Ethan (Gordon-Levitt), Isaac (Rogen), and Chris (played by Anthony Mackie, who does expectedly play the token black guy) have a tradition of celebrating Christmas together ever since Ethan lost his parents at age 19, but the boys feel the tradition is starting to beat a dead horse now that they’re 33 and starting to settle. Their celebration trades in the usual holiday dinner for Chinese food, scavenging for open bars in NYC and getting shitfaced. Rogen and Gordon-Levitt have chemistry carried over from 50/50 and Mackie joins the best way he can in the group’s robust karaoke rendition of Run DMC’s “Christmas in Hollis” or their totally bro-ish performance of Kanye West’s “Runaway” using FAO Schwartz’s iconic floor piano made popular by Big. Each actor delivers their own authentic, comedic performances that are bolstered by a slew of exciting guests, including Ilana Glazer (Broad City), Mindy Kaling (The Mindy Project), Jason Jones (The Daily Show), and my favorite celebrity ever Nathan Fielder (Nathan for You), whose off-kilter delivery had me laughing the hardest. Also especially memorable is Michael Shannon (Boardwalk Empire), whose performance as a deadpan, crusty drug dealer whose weed literally transports customers through time and space shines with Shannon’s menacing but misunderstood demeanor.

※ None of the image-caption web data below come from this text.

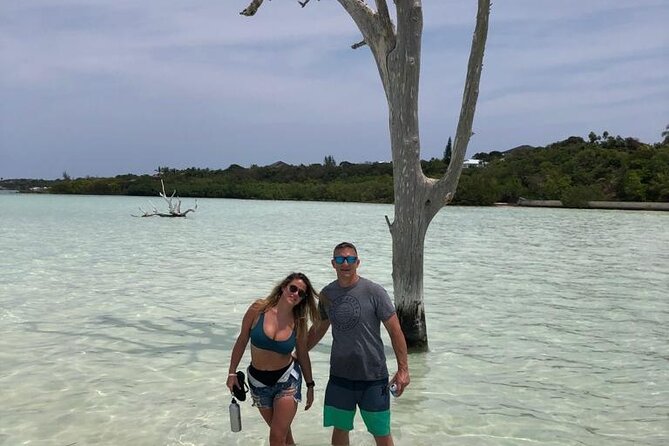 Bahamas Famous Pink Sand and Pig Experience With Snorkeling - Highlights and Inclusions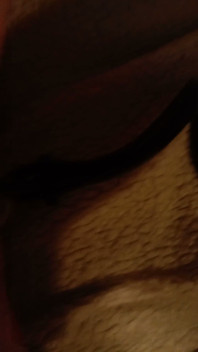 Pumping That Pussy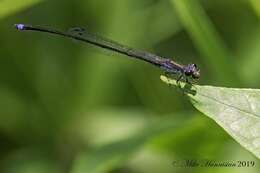 Image of Blackwater Bluet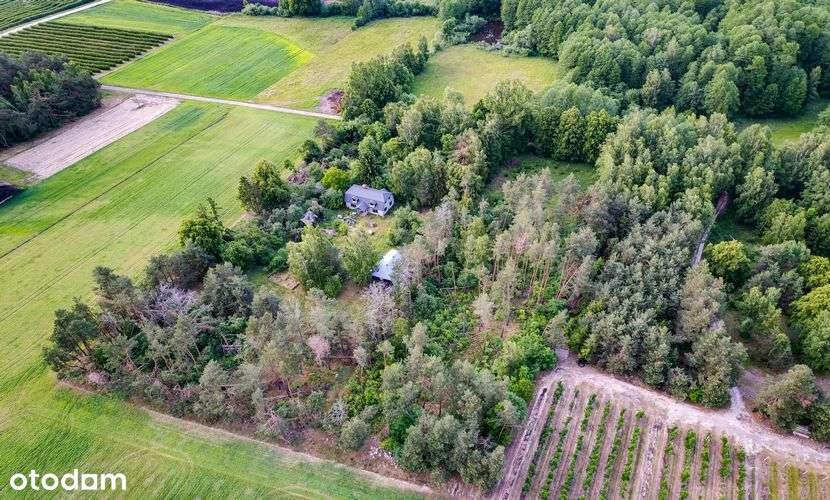 Podlasie urocze siedlisko, miejsce mocy-9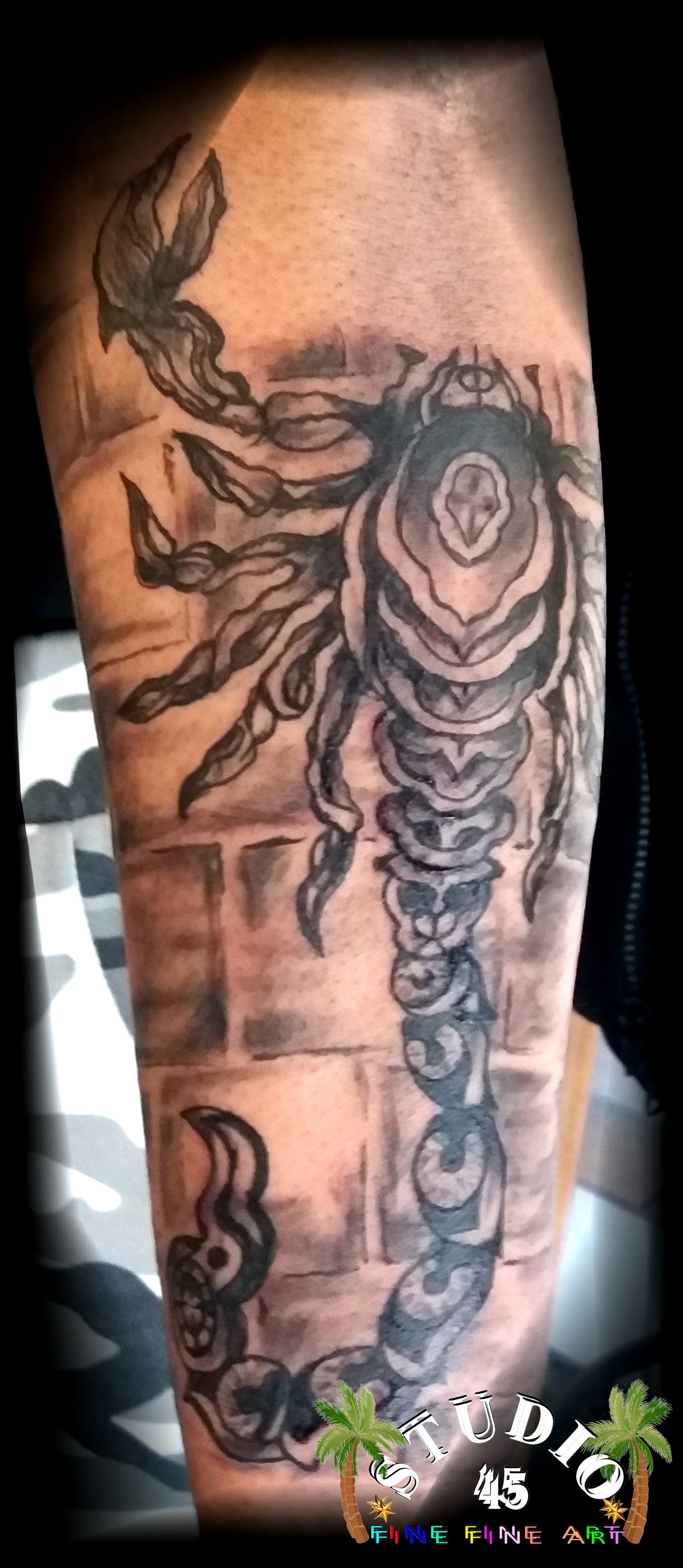 Aegybtisch Scorpion Unterarm Tattoo Recklinghausen STUDIO 45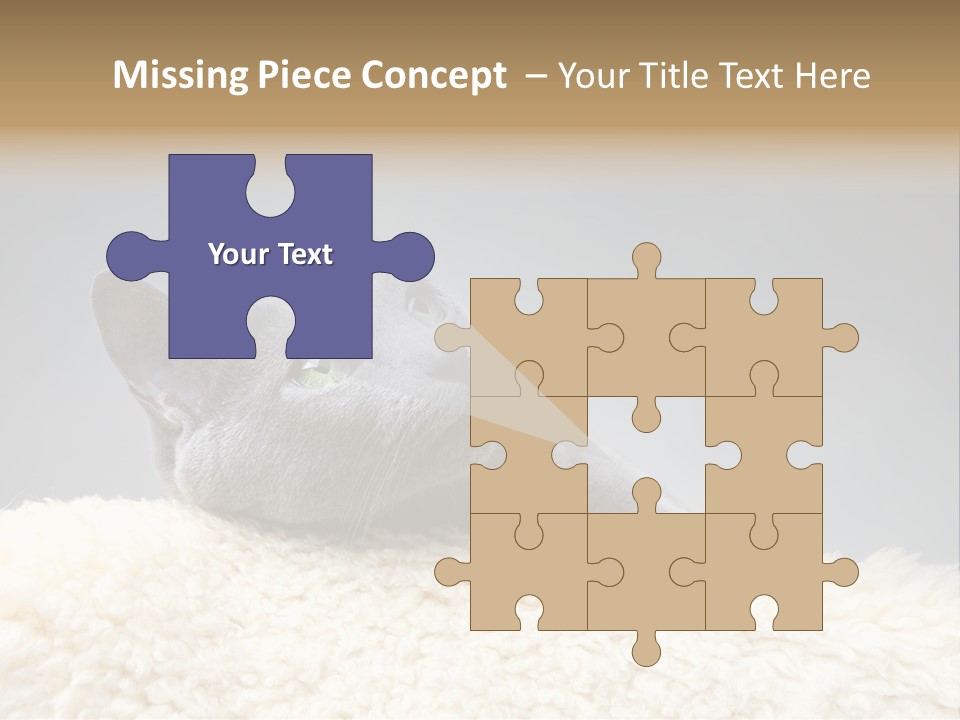 Cute Whiskers Lying PowerPoint Template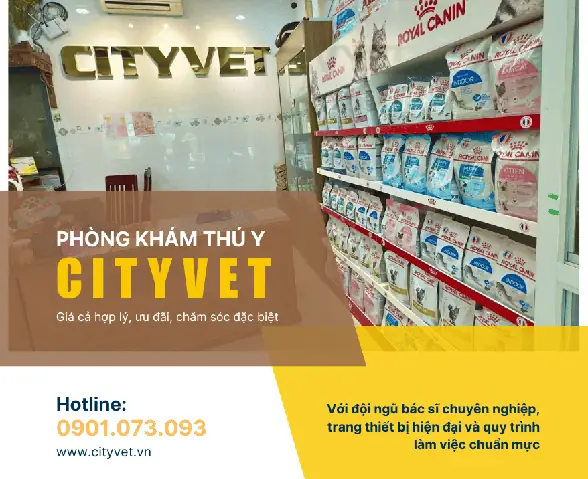 Cách Phòng Ngừa Ve Chó, Bọ Chét Hiệu Quả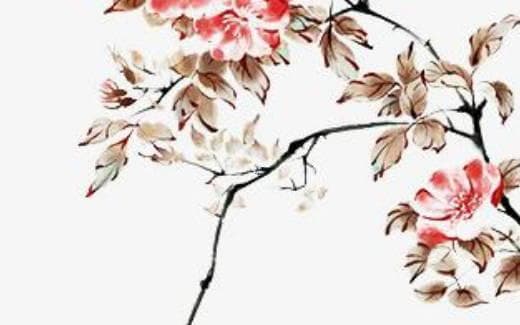 八字排盘的基本概念详解 八字排盘怎么使用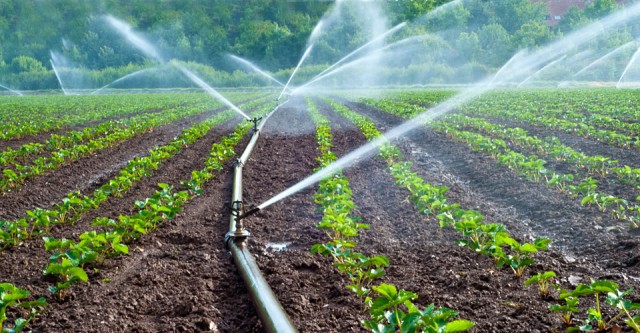 Sprinklers and Drip Irrigation.jpg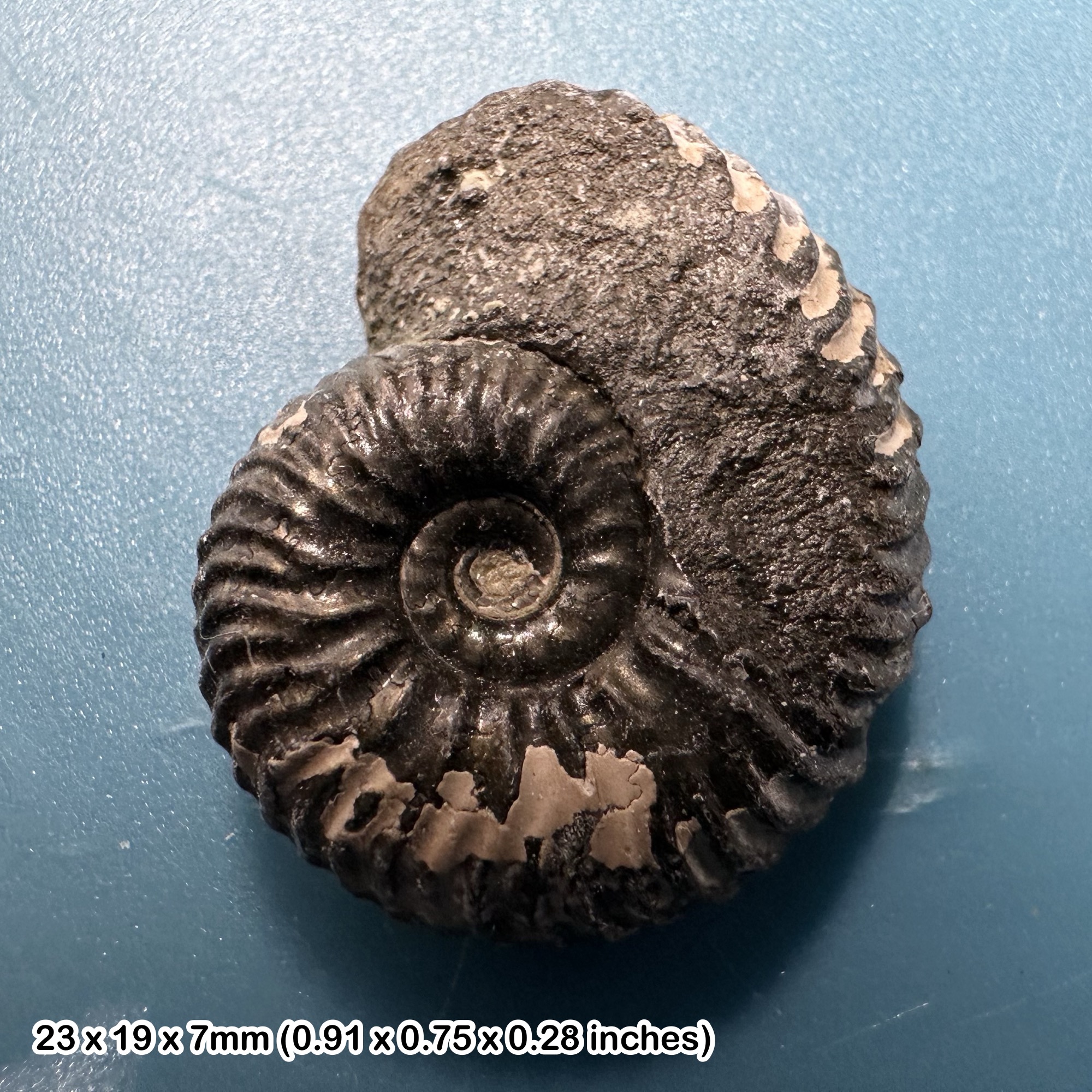 Gold pyrite ammonite, tidmoor point dorset - fp9652 -jurassic, certified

Despite the immoral self-indulgence and fun performances, The Night Before does fall flat on half of it’s jokes as Rogen and his crew seem to be giving out their last few breaths. An especially dry scene where Rogen, high out of his mind, receives a mysterious onslaught of dick pics from a “James” on his phone that he can’t help but find impressive felt like a fight against the homophobia in typical bro movies but ends up being pretty tasteless and still reminiscent of a 13-year-old boy’s writing. Jonathan Levine, known for his wondrous emotional pulls in comedy films, does bring The Night Before back around for a saccharine ending that reminds us what the holidays are all about: being brought together with family. The boys share an everlasting hug and Gordon-Levitt makes a few speeches that reminded me how blindingly charming he is for a typical holiday movie ending to an otherwise atypical holiday movie.
As if being quietly tucked away into the shelf with all the other Christmas stories, The Night Before’s three kings of the Orient settle into their roles of fathers, husbands, and sons. It’s the usual Rogen film that dares to juxtapose the naughty with the nice, like the line “swallow like a girl would” echoed in a church, but doesn’t make do with that boldness. Though not particularly memorable, The Night Before is a solid effort that nails the joke half the time and starkly reminds us that we can’t all be kids forever the other half. Make of that what you will, Mr. Rogen.